- Supplied data:

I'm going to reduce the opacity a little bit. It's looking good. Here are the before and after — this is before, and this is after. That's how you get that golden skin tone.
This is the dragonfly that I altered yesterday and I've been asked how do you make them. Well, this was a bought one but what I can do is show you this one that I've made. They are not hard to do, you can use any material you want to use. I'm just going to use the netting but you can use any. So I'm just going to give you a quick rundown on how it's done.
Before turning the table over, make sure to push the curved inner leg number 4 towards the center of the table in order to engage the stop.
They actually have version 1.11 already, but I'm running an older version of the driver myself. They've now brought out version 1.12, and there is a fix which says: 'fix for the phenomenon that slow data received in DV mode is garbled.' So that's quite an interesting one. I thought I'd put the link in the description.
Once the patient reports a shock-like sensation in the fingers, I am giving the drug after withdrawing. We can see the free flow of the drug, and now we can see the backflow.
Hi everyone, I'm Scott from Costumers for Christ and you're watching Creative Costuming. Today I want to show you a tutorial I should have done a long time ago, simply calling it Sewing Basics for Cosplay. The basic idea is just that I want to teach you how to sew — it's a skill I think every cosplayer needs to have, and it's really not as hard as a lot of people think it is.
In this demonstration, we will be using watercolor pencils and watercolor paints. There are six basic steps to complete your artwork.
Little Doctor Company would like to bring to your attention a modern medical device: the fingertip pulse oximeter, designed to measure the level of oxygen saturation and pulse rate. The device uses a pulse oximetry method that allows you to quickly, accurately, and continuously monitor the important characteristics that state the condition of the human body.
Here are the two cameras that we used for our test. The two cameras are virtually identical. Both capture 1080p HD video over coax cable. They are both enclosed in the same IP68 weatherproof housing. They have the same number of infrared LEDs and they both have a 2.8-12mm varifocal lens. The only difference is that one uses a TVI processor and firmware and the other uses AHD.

- Task directions:
Would you please return all lines from the listing above that contain "this"?

- Written solution:
I'm going to reduce the opacity a little bit. It's looking good. Here are the before and after — this is before, and this is after. That's how you get that golden skin tone.
This is the dragonfly that I altered yesterday and I've been asked how do you make them. Well, this was a bought one but what I can do is show you this one that I've made. They are not hard to do, you can use any material you want to use. I'm just going to use the netting but you can use any. So I'm just going to give you a quick rundown on how it's done.
In this demonstration, we will be using watercolor pencils and watercolor paints. There are six basic steps to complete your artwork.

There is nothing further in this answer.